# Leisure battery health?



## chilly (Apr 20, 2007)

I suspect my leisure battery might be on its way out (fairly big drop to around 10.5 volts while watching telly off hook-up).
Is there a definitive way of checking whether the battery is OK or not?
I've never previously allowed the battery's voltage to drop below 12V.

One pointer maybe...
whilst in its lowish state of charge, I noticed that, if I put an LED light on in the van, the 'accurate' meter on my Sargent control unit would drop 0.1 Volt immediately and then go back to where it was the instant the light was switched off again (clue maybe).
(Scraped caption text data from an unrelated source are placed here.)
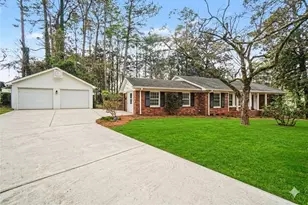 2360 Young Dr, College Park, GA 30337 - Photo 3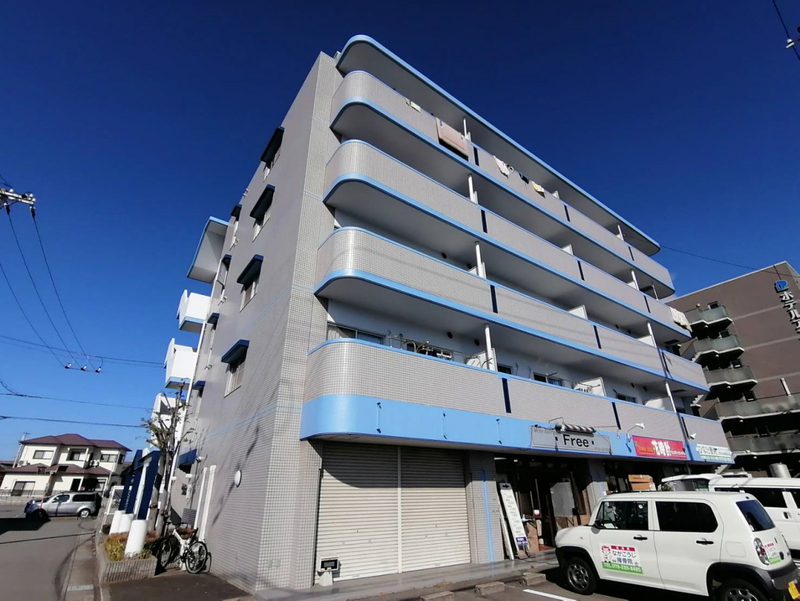 アジュール飾磨
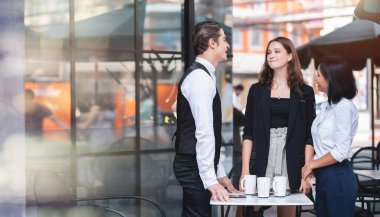 Farklılık Grubu Genç İş İnsanları Dostları Tesadüfi Toplantı ve Birlikte Kahve Dükkanı - Takım Çalışması ve Rahatlama Konsepti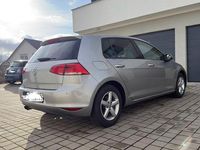 Gebraucht VW Golf VII Life 140 PS (102 kW) 2014 Silber Limousine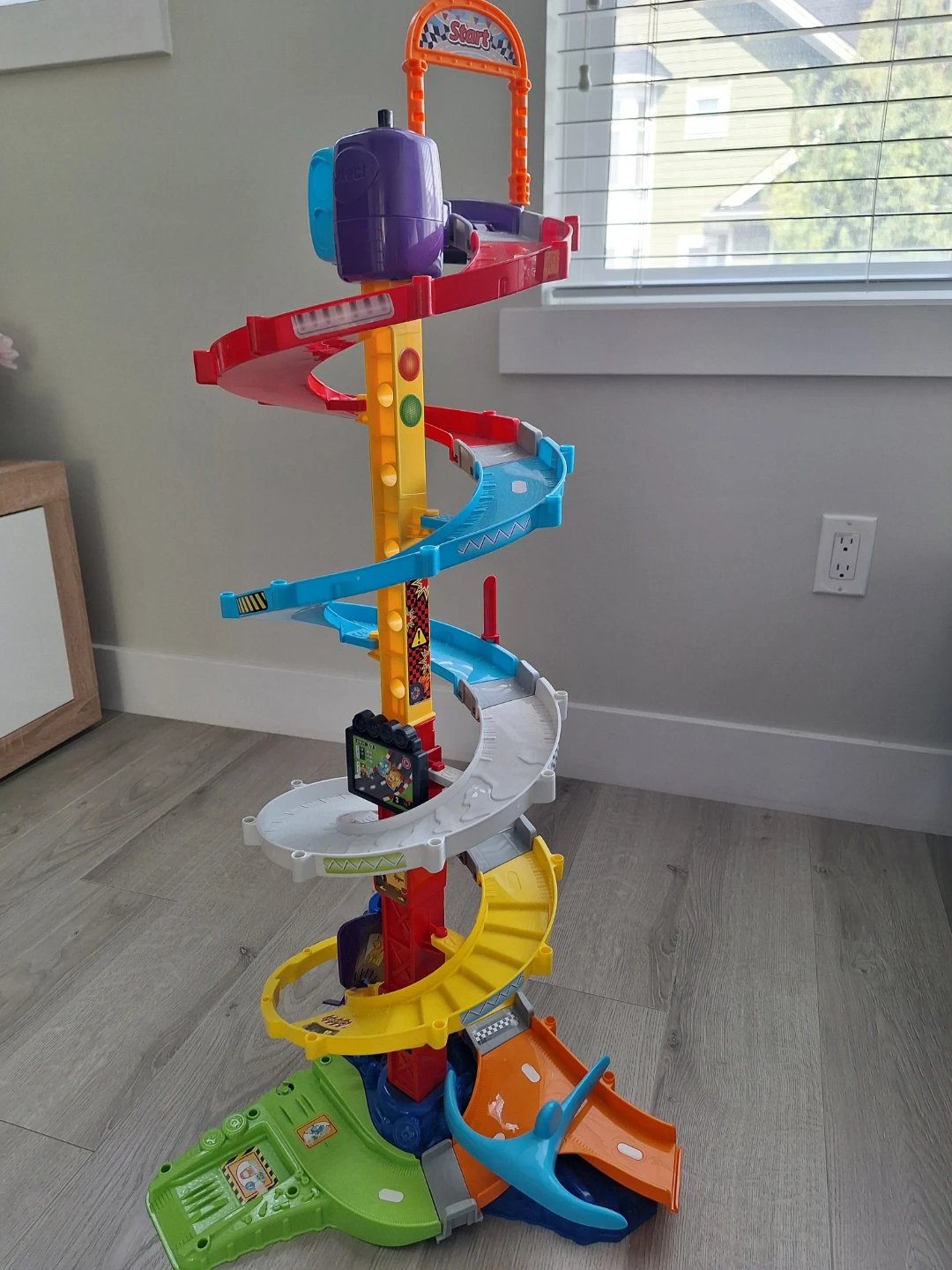 VTech Go! Go! Smart Wheels Ultimate Amazement Park Playset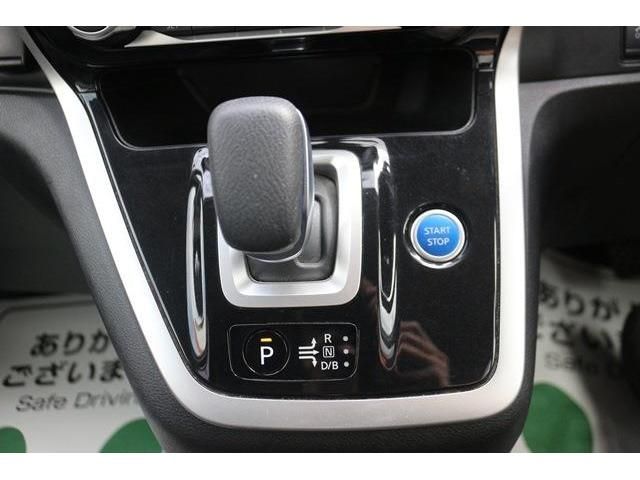Nissan SERENA 2018-06 11652-16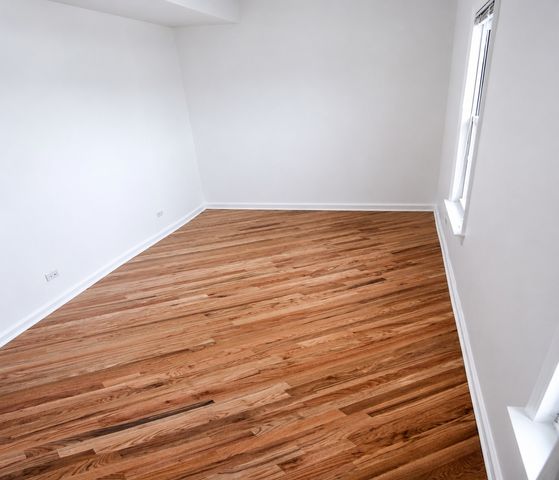 1851 N Fairfield Avenue, Chicago, IL 60647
I must add that I'm an electrical numpty and don't poses a multimeter :frown2:

TIA Chris


----------



## chilly (Apr 20, 2007)

Posted this earlier but it's not coming up in 'recent discussions for some reason!


----------



## powerplus (Oct 6, 2014)

hi chris

i would fully charge the battery off the van for a couple of days and then test it with a load and see how long it lasts

there should be some more detailed instructions on here if you look


possibly leave the tv on all day and see how much it drops


barry


----------



## shingi (Apr 18, 2008)

Hi Chris,

Not familiar at all with the set up in your MH, but does your electrical panel have an ammeter reading? Not on hook up and with nothing switched on on the 12v side the ammeter should show zero. Maybe something’s ON that you’re not aware of maybe?

Mick


----------



## chilly (Apr 20, 2007)

shingi said:


> Hi Chris,
> 
> Not familiar at all with the set up in your MH, but does your electrical panel have an ammeter reading? Not on hook up and with nothing switched on on the 12v side the ammeter should show zero. Maybe something's ON that you're not aware of maybe?
> 
> Mick


It says BATTAMPS and it's flickering around -0.3 amps which I'm guessing is next to nowt.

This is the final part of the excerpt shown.